Though MTL's capital base is more than Rs 10 crore, its current gross block is put at only Rs 7.16 crore. Also, of the proposed Rs 37 crore funds deployment, only Rs 4.61 crore was meant for expansion of manufacturing facilities. As a matter of fact, of the `project cost', the largest component of Rs 15 crore was earmarked for work ing capital and Rs 12.80 crore was to be spent on additional marketing facilities and a new corporate office. Even before going public, MTL had more than 500 shareholders which indicates that the company had placed some shares privately.

Though the public were offered at Rs 95, the promoters and their associates' average cost of holding was just Rs 2.50. Like some of the high-fliers, who artificially boost their share prices through stock splits, MTL too resorted to a stock split early this year.Interestingly, the company's bottomline has shot up after the previous auditors resigned in 1998. With such loose fundamentals, how long will this `tech' stock hold its fort?

New name, old profile
For five years since its inception the company was known as Datanet Corporation Ltd. The company is still in the same business of "technologies of work flow automation systems and computer telephony integration". Yet, the company has now changed its name to Datanet Systems Ltd (DSL). They say that the name was changed to reflect the activities of the company which are part of the information technology industry. But, will a mere change of name enhance the company's prospects?

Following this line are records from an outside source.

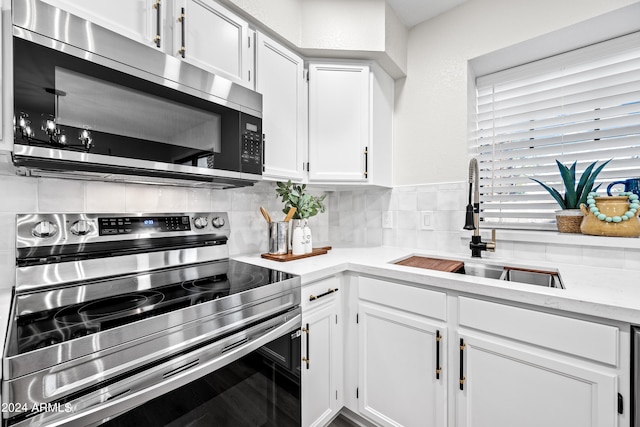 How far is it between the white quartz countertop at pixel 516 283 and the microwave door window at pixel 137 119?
691 mm

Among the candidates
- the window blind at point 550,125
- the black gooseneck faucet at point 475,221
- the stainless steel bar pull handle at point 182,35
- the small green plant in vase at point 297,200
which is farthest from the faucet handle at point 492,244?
the stainless steel bar pull handle at point 182,35

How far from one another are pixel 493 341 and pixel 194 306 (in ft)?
3.71

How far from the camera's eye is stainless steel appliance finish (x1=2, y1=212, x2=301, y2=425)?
2.16 ft

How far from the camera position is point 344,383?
1.60 meters

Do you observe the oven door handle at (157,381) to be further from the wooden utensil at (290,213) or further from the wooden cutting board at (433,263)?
the wooden cutting board at (433,263)

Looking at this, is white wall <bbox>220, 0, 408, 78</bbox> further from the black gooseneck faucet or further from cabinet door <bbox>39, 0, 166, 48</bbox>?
the black gooseneck faucet

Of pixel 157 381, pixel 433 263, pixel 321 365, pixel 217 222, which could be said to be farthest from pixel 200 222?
pixel 433 263

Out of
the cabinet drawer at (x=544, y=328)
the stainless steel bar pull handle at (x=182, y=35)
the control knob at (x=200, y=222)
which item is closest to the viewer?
the cabinet drawer at (x=544, y=328)

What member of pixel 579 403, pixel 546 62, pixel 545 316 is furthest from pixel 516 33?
pixel 579 403

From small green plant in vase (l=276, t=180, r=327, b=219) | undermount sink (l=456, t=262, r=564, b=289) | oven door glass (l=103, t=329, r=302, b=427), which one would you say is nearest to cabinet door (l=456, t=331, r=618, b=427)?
undermount sink (l=456, t=262, r=564, b=289)

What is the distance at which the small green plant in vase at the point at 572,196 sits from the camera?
1519 mm

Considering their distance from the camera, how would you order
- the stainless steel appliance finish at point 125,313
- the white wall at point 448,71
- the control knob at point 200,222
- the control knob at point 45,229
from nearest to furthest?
the stainless steel appliance finish at point 125,313, the control knob at point 45,229, the control knob at point 200,222, the white wall at point 448,71

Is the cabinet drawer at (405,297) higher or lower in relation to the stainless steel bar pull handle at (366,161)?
lower

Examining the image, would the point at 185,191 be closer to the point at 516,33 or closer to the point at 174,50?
the point at 174,50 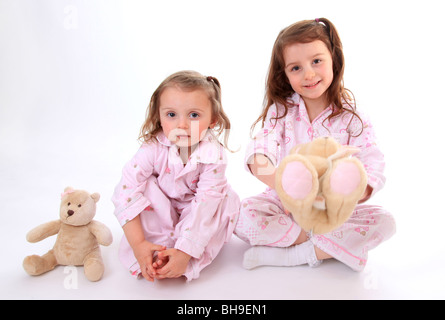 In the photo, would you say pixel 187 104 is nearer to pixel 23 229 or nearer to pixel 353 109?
pixel 353 109

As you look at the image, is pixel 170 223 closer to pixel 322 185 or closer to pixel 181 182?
pixel 181 182

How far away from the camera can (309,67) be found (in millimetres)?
1414

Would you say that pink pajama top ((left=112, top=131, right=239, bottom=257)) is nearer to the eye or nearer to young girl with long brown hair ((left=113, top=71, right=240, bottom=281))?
young girl with long brown hair ((left=113, top=71, right=240, bottom=281))

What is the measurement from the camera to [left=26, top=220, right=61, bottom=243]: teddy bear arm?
1437 millimetres

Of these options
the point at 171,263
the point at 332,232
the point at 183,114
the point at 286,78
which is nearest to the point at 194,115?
the point at 183,114

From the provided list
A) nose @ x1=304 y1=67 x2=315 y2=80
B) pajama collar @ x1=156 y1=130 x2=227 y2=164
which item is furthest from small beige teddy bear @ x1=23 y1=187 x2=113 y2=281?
nose @ x1=304 y1=67 x2=315 y2=80

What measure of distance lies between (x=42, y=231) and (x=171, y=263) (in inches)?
17.6

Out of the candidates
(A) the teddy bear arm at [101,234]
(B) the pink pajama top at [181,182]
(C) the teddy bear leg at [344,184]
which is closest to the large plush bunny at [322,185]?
(C) the teddy bear leg at [344,184]

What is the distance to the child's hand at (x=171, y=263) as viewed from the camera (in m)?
1.35

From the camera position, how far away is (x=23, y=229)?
5.57ft

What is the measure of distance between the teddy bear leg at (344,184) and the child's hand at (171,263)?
0.54 metres

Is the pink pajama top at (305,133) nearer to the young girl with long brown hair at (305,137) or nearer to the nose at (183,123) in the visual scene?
the young girl with long brown hair at (305,137) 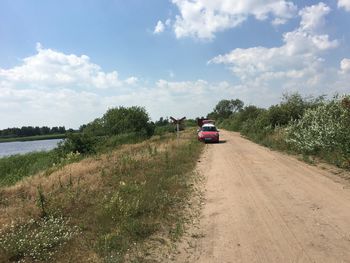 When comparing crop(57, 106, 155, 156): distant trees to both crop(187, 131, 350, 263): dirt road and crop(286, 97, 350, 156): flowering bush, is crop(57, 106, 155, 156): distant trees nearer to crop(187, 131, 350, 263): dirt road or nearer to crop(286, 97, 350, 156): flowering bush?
crop(286, 97, 350, 156): flowering bush

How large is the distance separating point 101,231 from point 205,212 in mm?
2730

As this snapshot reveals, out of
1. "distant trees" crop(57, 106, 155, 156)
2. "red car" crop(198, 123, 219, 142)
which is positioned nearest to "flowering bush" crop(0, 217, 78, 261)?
"red car" crop(198, 123, 219, 142)

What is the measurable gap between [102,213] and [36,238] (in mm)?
1743

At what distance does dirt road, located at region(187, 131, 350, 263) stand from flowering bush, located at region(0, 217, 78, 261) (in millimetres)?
2538

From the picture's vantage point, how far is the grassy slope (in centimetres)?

From its own IT activities, the company never earned any profit in last five years. In 1998, it posted a profit of Rs 49 lakh after accounting for a trading income of Rs 3.36 crore. In 2000 it arrived a profit of Rs 6 lakh after booking a credit of Rs 1 crore from the sale of commercial rights of its wireless division! Rest of the years, it ended up at loss. The accumulated deficit for the three years exceeded Rs 1.5 crore. Last fiscal the company raised its equity capital from Rs 4.6 crore to Rs 9.45 crore through allotments to promoters and their associates in order mainly to pay back loans.

In August this year DSL floated a 3.15 crore public issue at par to augment working capital requirements and also to meet certain capital expenditure. Whereas the small investor portion was barely subscribed by 2788 people, the large investor portion of Rs 1.58 crore was oversubscribed more than 3.5 times by 331 applicants.

Even though DSL completed the allotment within 24 days, it waited another 46 days to list its share for trading. The waiting seems to have aided the scrip in a way, as the listing has taken place when the market was in an upbeat mood. On both the BgSE and the BSE, the DSL scrip is currently priced at 10 per cent premium over the offer price of Rs 10. On the Hyderabad exchange, the scrip is yet to be traced. Perhaps, the current price may give some comfort to the investors of DSL. But, what's the future scope? If the promoters' stake (22.5 per cent) is anything to go by, one can't be too optimistic about DSL. Interestingly, the so called "relatives, friends and associates" hold much more (46 per cent) than the promoters!